1. How many types of rattlesnakes are there in Mississippi?

There are four types of rattlesnakes in Mississippi. They are:

1. Eastern Diamondback Rattlesnake (Crotalus adamanteus)
2. Timber Rattlesnake (Crotalus horridus)
3. Pygmy Rattlesnake (Sistrurus miliarius)
4. Canebrake Rattlesnake (Crotalus horridus atricaudatus)

2. When are Mississippi rattlesnakes most active?

Mississippi rattlesnakes are most active from early spring to mid-fall. However, due to the state’s warm climate, they can be active even in winter, unlike their counterparts in colder regions.

3. How can I recognize a venomous rattlesnake in Mississippi?

Venomous rattlesnakes in Mississippi, including the four types mentioned above, have the following distinctive characteristics:

– Pits or small depressions on the side of their face
– Triangular head, slim neck, and a heavy, flattened body
– Vertical “cat-like” pupils
– A single row of scales on the underside of the tail

4 What should I do if I encounter a rattlesnake in Mississippi?

If you encounter a rattlesnake in Mississippi, it is best to keep your distance and give the snake space to retreat. Do not attempt to handle or provoke the snake. If you are in a residential area, contact your local animal control or wildlife agency for assistance in safely removing the snake. In natural areas, it is best to leave the snake undisturbed and allow it to continue its natural behavior.

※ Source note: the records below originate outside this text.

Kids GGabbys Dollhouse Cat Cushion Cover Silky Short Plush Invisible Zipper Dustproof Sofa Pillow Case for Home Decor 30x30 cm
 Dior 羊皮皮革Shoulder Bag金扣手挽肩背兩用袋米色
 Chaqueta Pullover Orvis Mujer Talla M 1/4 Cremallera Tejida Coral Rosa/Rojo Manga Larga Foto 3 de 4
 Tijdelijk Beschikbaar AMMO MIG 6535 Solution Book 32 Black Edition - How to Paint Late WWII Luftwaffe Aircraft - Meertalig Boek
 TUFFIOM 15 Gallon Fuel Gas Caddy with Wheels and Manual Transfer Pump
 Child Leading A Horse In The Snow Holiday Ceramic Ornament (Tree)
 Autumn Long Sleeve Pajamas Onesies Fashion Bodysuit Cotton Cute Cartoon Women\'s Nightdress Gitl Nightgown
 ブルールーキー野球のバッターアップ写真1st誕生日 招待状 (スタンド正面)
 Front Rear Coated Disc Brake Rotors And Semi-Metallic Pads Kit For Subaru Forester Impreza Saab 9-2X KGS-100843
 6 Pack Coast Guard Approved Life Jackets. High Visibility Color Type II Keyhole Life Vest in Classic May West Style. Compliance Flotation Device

5. How can I avoid danger when in rattlesnake habitat in Mississippi?

To avoid danger when in rattlesnake habitat in Mississippi, follow these tips:

– Stay on designated trails and avoid tall grass or dense vegetation where snakes may be hiding.
– Wear sturdy, closed-toe shoes and long pants to protect your legs and feet.
– Be cautious when stepping over logs, rocks, or other potential hiding spots for snakes.
– Listen for the sound of a rattlesnake’s rattle, which serves as a warning sign. If you hear a rattle, slowly back away from the source of the sound.

6. What should I do if I am bitten by a rattlesnake in Mississippi?

If you are bitten by a rattlesnake in Mississippi, seek immediate medical attention. Do not attempt to suck out the venom or use a tourniquet, as these methods are ineffective and can cause more harm. Call 911 or your local emergency number for assistance, and try to remain as calm and still as possible while waiting for help to arrive.